Poza znajomością języka/technologii w pracy również ceni się tzw. "doświadczenie z pracy w projekcie" tj. soft-skills, umiejętności radzenia sobie z problemami, kontakt z klientem, praca w zespole et.c.
Więc pomimo przechodzenia z jednej technologii w drugą i tak jest szansa na zachowanie stałej płacy (albo uzyskanie wyższej ;) )

0

Witam

Ja akurat znajduje się w podobnej sytuacji. Próbuje przekwalifikować się DB dev na Java dev. Obecnie jestem na stanowisku Seniora, szukam na stanowisko Junior i marnie to widzę.

2

niezly dylemat, wyglada na to ze nie zaczales (lub ledwie) jeszcze pracy a juz sie martwisz wypaleniem zawodowym :)
nie znam chyba nikogo kto przez 5 lat robil ciagle to samo, nie slyszalam zeby ktokolwiek zmienial prace na mniej platna...
nikt dobrego programisty z kilkuletnim doswiadczeniem nie traktuje jak swiezaka, nie umiem sobie wyobrazic zeby ktos kto byl 'a playerem' (ostatnio modne okreslenie na forum widze) w technologii X i szedl pewny siebie na rozmowe o Y i sie okazalo ze jest lamerem...
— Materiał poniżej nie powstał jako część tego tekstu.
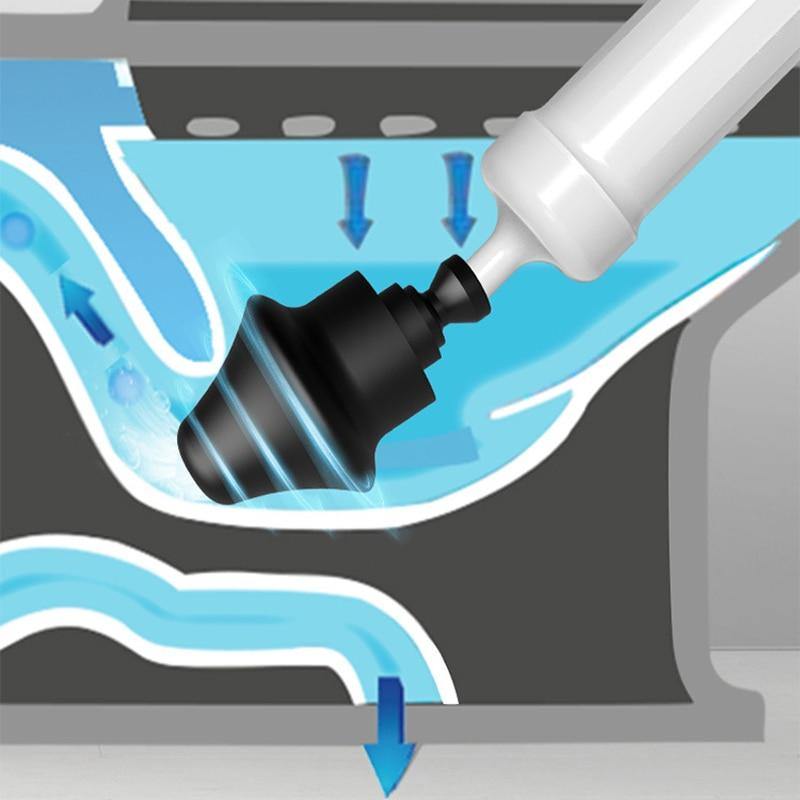 High Pressure Toilet Air Drain Blaster Pump - Image 2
edit: @Necronus a umiesz jave na poziom dziadka? jesli nie to raczej nie ma sie co dziwic, niby czemu swietny bejsbolista mialby z marszu byc przyjety do klubu golfowego? ;)

1

Mi sie udało prxejść z php na ruby. Początkowo 1 dzien w tygodniu miałem na szkolenie ruby reszte tygodnia php. Wg mnie najłatwiej przejść na inną technologię ktora jest używana w firmie w której sie pracuje.

1

Sam się tak przekwalifikowuje. Jest troche frustracji na rozmowach o pracę - szuka się pracy w technologii X, a nie masz dowodów, że to umiesz poza wiedzą... Trzeba się uzbroić w cierpliwość i trafić na firme, w której ludzie ogarniają, że tzw. doświadczenie zawodowe jest w wielu przypadkach g* warte i liczy się to co w głowie (i ew. w repo). Prawdziwe doświadczenie przychodzi z właśnie wielu perspektyw, wychodzeniu ze strefy komfortu, a nie z siedzenia i klepania jednego przez 10 lat. Więcej niz 2 lata w danej technologii wygląda mi trochę na marnotrawstwo czasu. Po paru latach w jednym temacie prawie wcale się nie zdobywa wiedzy (w porównaniu do początkowej fazy w której krzywa uczenia jest raczej stroma), raczej popada się w rutynę/wyrabia nawyki. W sumie to nie chodzi nawet o zmianę technologii, co naukę nowych narzędzi/języków/frameworków, aby poszerzać tzw. skillset.

0
Biały Kot napisał(a):

Poza znajomością języka/technologii w pracy również ceni się tzw. "doświadczenie z pracy w projekcie" tj. soft-skills, umiejętności radzenia sobie z problemami, kontakt z klientem, praca w zespole et.c.
Więc pomimo przechodzenia z jednej technologii w drugą i tak jest szansa na zachowanie stałej płacy (albo uzyskanie wyższej ;) )

Przedstawione na tym forum świadectwa, przeczą twojej tezie.
Do tej pory myślałem, że osoby, które potrafią się swobodnie przekwalifikowywać, są wyżej cenione, niż osoby, które pracują tylko w jednej technologii.
Ja mam tak, że do tej pory programowałem dla państwowego instytutu naukowego w C++ i szukam pracy jako programista JAVA. Jednak wpis w CV programowanie, dla największego instytutu badawczego w Polsce nie robi, żadnego wrażenia.

0

Programowanie nie jest dla Ciebie, daj sobie spokój.

Przekwalifikowanie nie jest dla Ciebie, daj sobie spokój.

Przepraszam za posta wyżej ale to było silniejsze..

Albo biegniesz w strone sukcesu(lub się czołgasz ale cały czas naprzód) albo idź se ponarzekać.